Seemingly unrelated regression estimation
The seemingly unrelated regression estimation is similar to the equation-oriented method. An inherent correlation does not exist among the variables of the model; rather, it lies in the disturbance terms of the equations. This model was first processed in the analysis of a company’s annual investment problems (Zellner, 1962). Subsequently, it has been revised and optimized to solve complex economic problems across myriad fields. In the analysis of tourism-related research topics, Crouch employed this idea in 1994 to study tourism demand (Crouch, 1994). Meanwhile, Tihomir asserted that the seemingly uncorrelated regression estimates are more accurate in inferring and forecasting tourism demand. In addition, Gooroochurn and Hanley measured tourism spillovers in Northern Ireland and the Republic of Ireland, validated the existence of inter-regional tourism spillover effects, and measured the strength of this effect using a quantitative approach. However, they pointed out that the applicability of this method was not high for the study of tourism spillovers among multiple regions (Gooroochurn and Hanley, 2005).
Gap model
Based on the new growth theory and technology gap theory, Caniëls and Verspagen (2003) emphasized the importance of spatial proximity to the spread of knowledge and technology. Moreover, they defined and modeled it. Drawing on this model, based on the similarities among knowledge, technology, and tourism products, Deng et al. (2003) proposed a conceptual model of regional tourism spillover. Accounting for the differences of tourism products, the spatial distance is regarded as the distance gap and the grade and type difference of tourism products as the grade gap and type gap, respectively, to construct the model, which is the gap model. More recently, Shen (2020) verified the overflowing measure of tourism demand using the gap model based on a neural network.
Agent-based modeling
The core of agent-based modeling (ABM) is the complex adaptive system proposed by Holland in 1995 (Li et al., 2020). The adaptive process of individuals is believed to lead to the complexity of the system, and the interaction between agents’ results in the continuous change in their own attributes. Compared with other methods, the ABM focuses on starting from the perspective of micromechanism and directly assigns differentiated attributes and rules to different agents as an abstract representation of actual individuals. Each agent can enact and execute corresponding decisions through environmental and individual perceptions. This method can also solve the calculation and simulation problems under the large samples and combine the settings of specific rule attributes to perform the scenario simulation under different conditions, which is widely recognized by scholars. Accordingly, numerous scholars had simulated tourist behavior and tourism spillover effects (Li et al., 2020).

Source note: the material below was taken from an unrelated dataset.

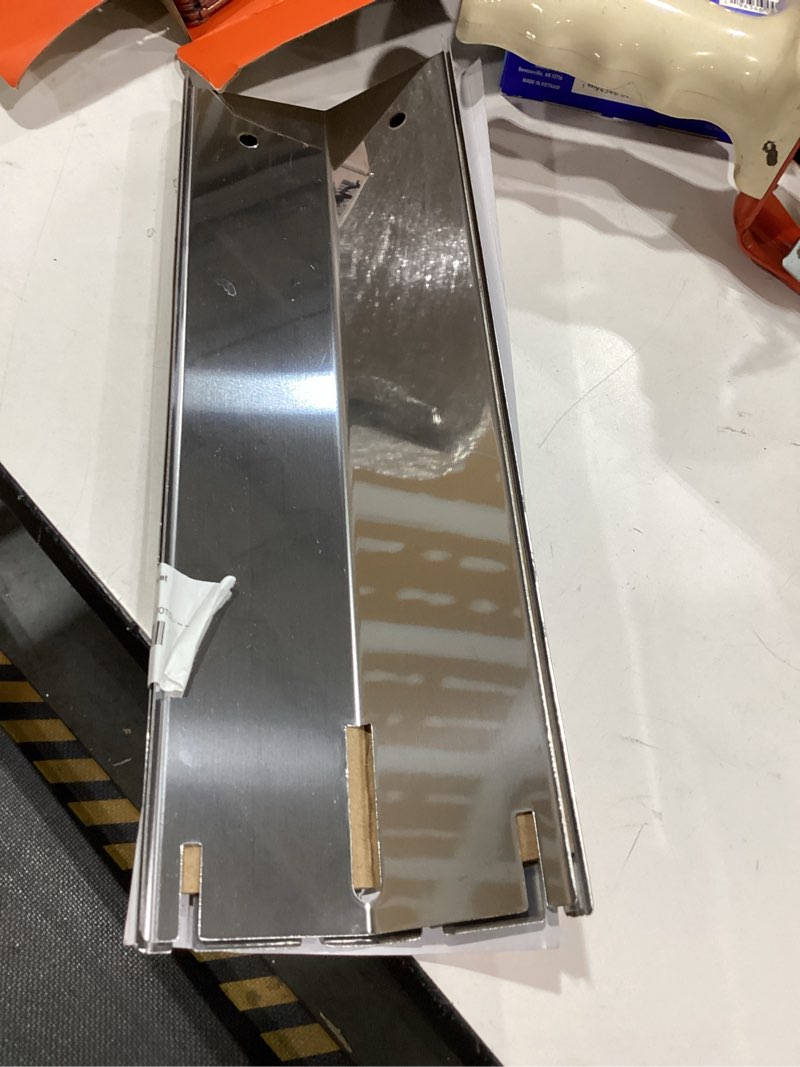 Condition photo showing Good Condition for expert grill stainless steel heat tent replacement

Of the four methods, the first three can only measure the tourism spillover effects between two regions but not measure the tourism spillover effects between multi-regions. Although the ABM can quantitatively analyze tourism demand spillovers occurring in multiple regions and explain the micromechanism of tourism demand spillovers, it does not consider the relevance of the geographic space. The emergence of the spatial econometric method has effectively solved this problem. After 40 years of development, the method has a relatively solid theoretical foundation and high feasibility (Yang and Fik, 2014; Yang and Wong, 2012). Thus, we used this method to measure the tourism spillover effects among multiple regions and take into account the geographic spatial correlation.
Model and data
Model
Stepwise regression
The stepwise regression method is used to determine the key explanatory variable that affects the tourism demand. When the explained variable is simultaneously affected by multiple factors, the solution inversion compact transformation method and the two-way test method are employed to analyze the contribution degree of the explanatory variable to the explained variable and to establish the optimum regression equation (Ing and Lai, 2011). Through repeated testing, this method can eliminate explanatory variables exhibiting multicollinearity and gradually introduce the explanatory variables with the largest contribution to make the regression equation more comprehensive and accurate. The equation is as follows
The following illustrates the construction of the correlation coefficient matrix by calculating the correlation coefficient between the explanatory variable and explained variable
According to the initial correlation coefficient matrix, the partial regression sum of squares between different explanatory variables and explained variable is calculated, which characterize the contribution of different explanatory variables.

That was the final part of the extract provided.